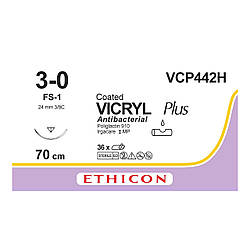 Вікрил Плюс (VICRYL Plus) Антибактеріальний 3-0, звор-ріж. прайм косметична 24мм, 3/8 кола, незабарвлений, 45см, 1шт.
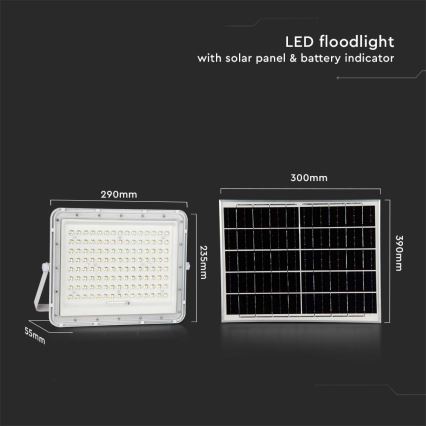 LED Εξωτερικού χώρου solar προβολέας  LED/20W/3,2V 6400K λευκό IP65 + τηλεχειριστήριο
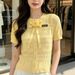 Yuanbiao 2026 Summer New Bow Tie Short Sleeve Knit Shirt For Women, Slim Fit, Elegant And Trendy Top_ecoleips.com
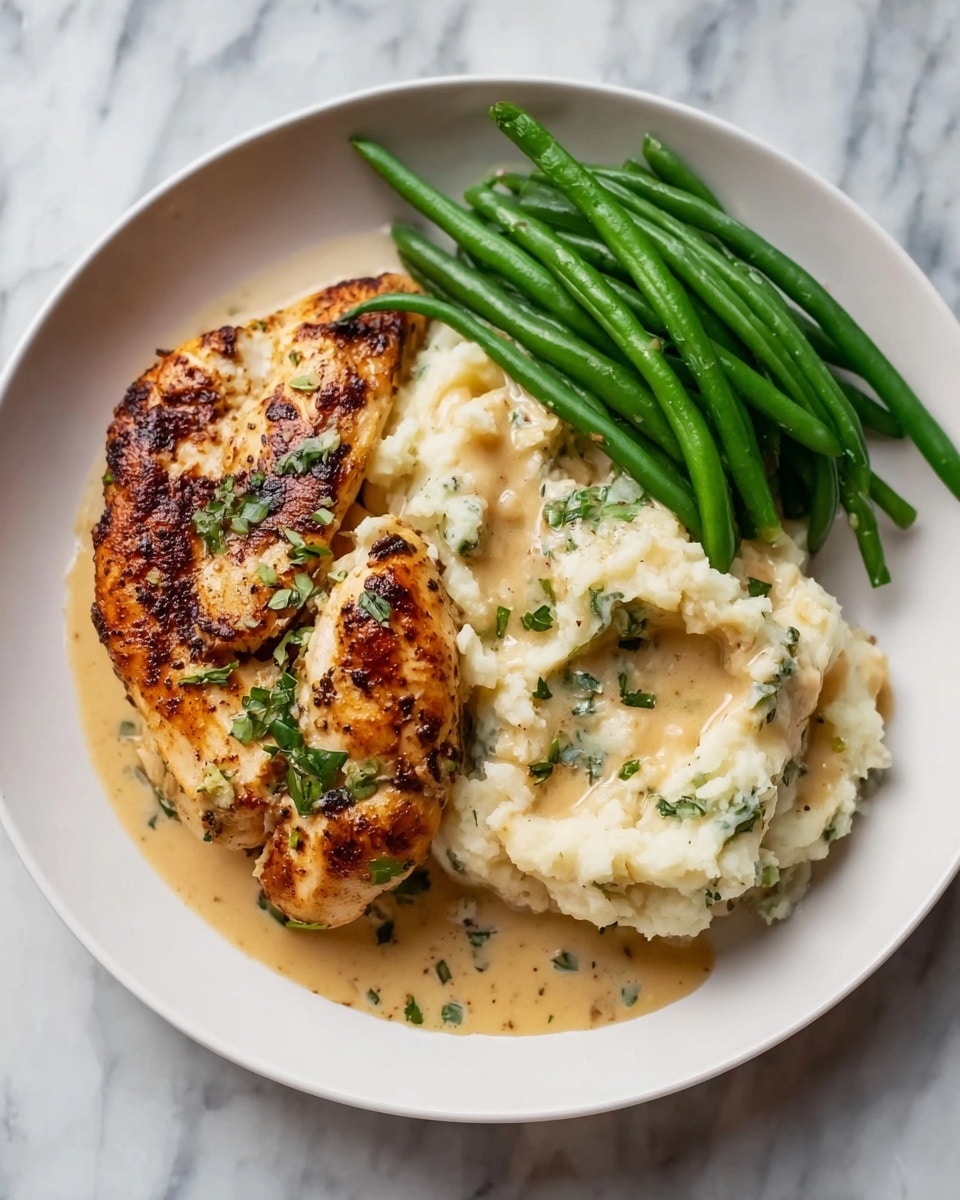 A white plate holds a meal with three main parts: on the left are two browned, grilled chicken breasts with a golden crust and some green herb bits on top; in the center is a creamy, light beige mashed potato pile with a textured, soft surface and fresh green herbs sprinkled inside and on top, covered partially by light brown gravy with specks of herbs; on the right is a neat stack of bright green beans with a smooth, shiny surface. The background is a white marbled texture. photo taken with an iphone --ar 4:5 --v 7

EXERCISE INSTRUCTIONS
Once the pictures are removed, print all the remaining data exactly as it stands.

ANSWER TO THE EXERCISE
 Вікрил Плюс (VICRYL Plus) Антибактеріальний 3-0, звор-ріж. прайм косметична 24мм, 3/8 кола, незабарвлений, 45см, 1шт.
 LED Εξωτερικού χώρου solar προβολέας  LED/20W/3,2V 6400K λευκό IP65 + τηλεχειριστήριο
 Yuanbiao 2026 Summer New Bow Tie Short Sleeve Knit Shirt For Women, Slim Fit, Elegant And Trendy Top_ecoleips.com
 A white plate holds a meal with three main parts: on the left are two browned, grilled chicken breasts with a golden crust and some green herb bits on top; in the center is a creamy, light beige mashed potato pile with a textured, soft surface and fresh green herbs sprinkled inside and on top, covered partially by light brown gravy with specks of herbs; on the right is a neat stack of bright green beans with a smooth, shiny surface. The background is a white marbled texture. photo taken with an iphone --ar 4:5 --v 7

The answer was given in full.